[The task]
When you reach the line in the data below that contains "Étui portefeuille à", please start repeating lines exactly, and stop after the line that contains "55 CM Yumuşak", repeating nothing else.

[Given entries]
╔══

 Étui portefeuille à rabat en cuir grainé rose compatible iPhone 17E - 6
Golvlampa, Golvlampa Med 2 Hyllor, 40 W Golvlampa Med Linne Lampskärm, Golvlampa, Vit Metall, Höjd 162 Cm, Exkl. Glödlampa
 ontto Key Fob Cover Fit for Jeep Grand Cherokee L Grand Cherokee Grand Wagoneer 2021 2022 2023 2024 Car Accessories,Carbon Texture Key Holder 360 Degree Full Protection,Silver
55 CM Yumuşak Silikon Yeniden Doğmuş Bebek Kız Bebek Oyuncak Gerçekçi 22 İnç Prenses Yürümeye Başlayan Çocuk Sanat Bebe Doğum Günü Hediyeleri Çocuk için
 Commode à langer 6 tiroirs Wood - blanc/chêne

╚══
╔══

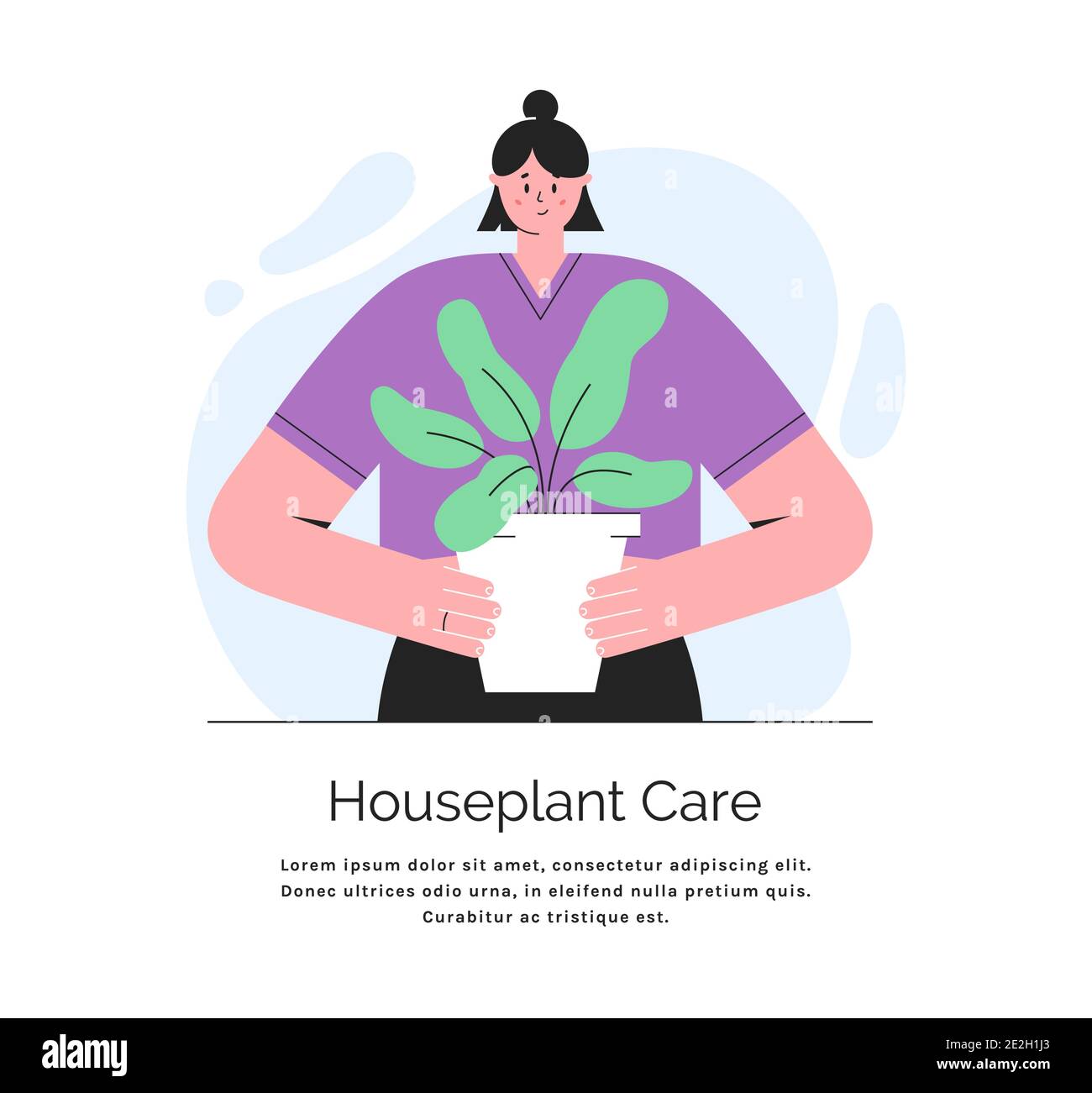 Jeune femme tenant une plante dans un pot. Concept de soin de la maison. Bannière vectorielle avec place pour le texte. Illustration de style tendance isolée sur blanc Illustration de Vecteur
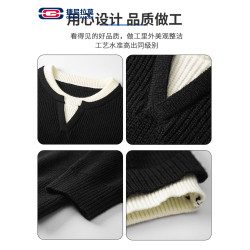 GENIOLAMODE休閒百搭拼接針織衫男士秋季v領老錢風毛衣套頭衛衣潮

╚══

[Task result]
 Étui portefeuille à rabat en cuir grainé rose compatible iPhone 17E - 6
Golvlampa, Golvlampa Med 2 Hyllor, 40 W Golvlampa Med Linne Lampskärm, Golvlampa, Vit Metall, Höjd 162 Cm, Exkl. Glödlampa
 ontto Key Fob Cover Fit for Jeep Grand Cherokee L Grand Cherokee Grand Wagoneer 2021 2022 2023 2024 Car Accessories,Carbon Texture Key Holder 360 Degree Full Protection,Silver
55 CM Yumuşak Silikon Yeniden Doğmuş Bebek Kız Bebek Oyuncak Gerçekçi 22 İnç Prenses Yürümeye Başlayan Çocuk Sanat Bebe Doğum Günü Hediyeleri Çocuk için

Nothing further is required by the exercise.